Data shown Start Marker

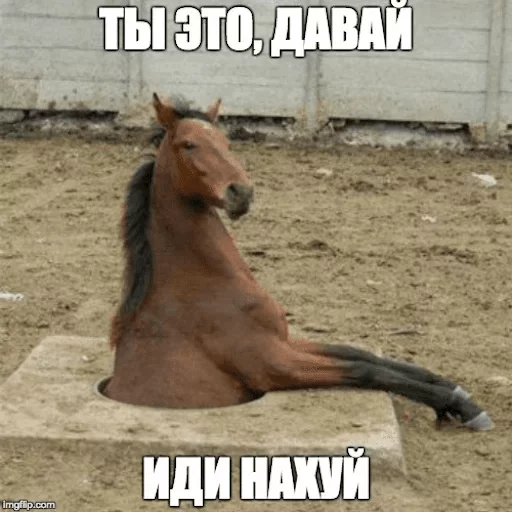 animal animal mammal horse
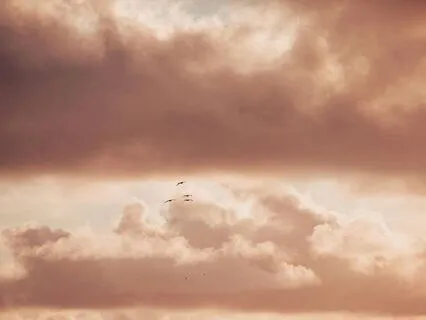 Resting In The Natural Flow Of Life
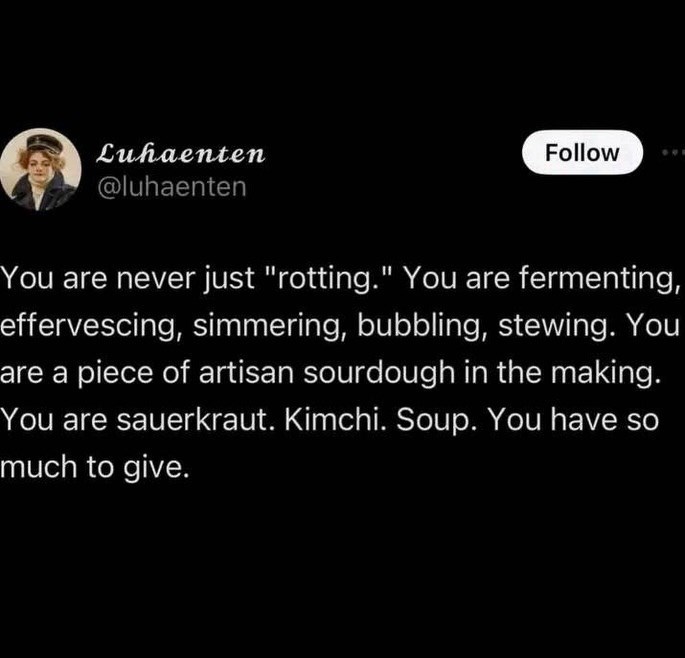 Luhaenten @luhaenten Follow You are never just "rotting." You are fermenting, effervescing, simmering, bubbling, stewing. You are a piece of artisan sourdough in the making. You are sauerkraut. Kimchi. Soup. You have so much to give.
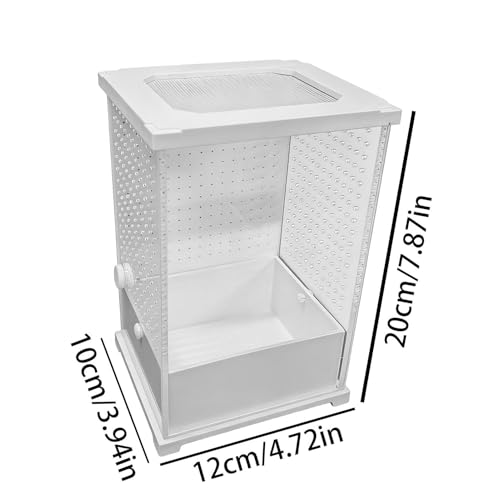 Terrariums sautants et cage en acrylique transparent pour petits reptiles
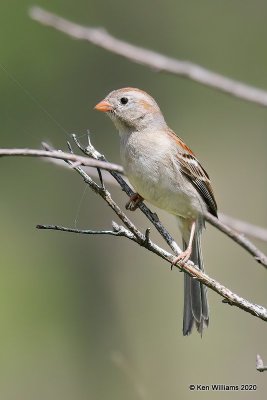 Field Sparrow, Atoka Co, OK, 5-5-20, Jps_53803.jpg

Data shown End Marker

Exercise brief |
An exact copy of every entry, minus the pictures, is what you should return.

Solution for this problem |
 animal animal mammal horse
 Resting In The Natural Flow Of Life
 Luhaenten @luhaenten Follow You are never just "rotting." You are fermenting, effervescing, simmering, bubbling, stewing. You are a piece of artisan sourdough in the making. You are sauerkraut. Kimchi. Soup. You have so much to give.
 Terrariums sautants et cage en acrylique transparent pour petits reptiles
 Field Sparrow, Atoka Co, OK, 5-5-20, Jps_53803.jpg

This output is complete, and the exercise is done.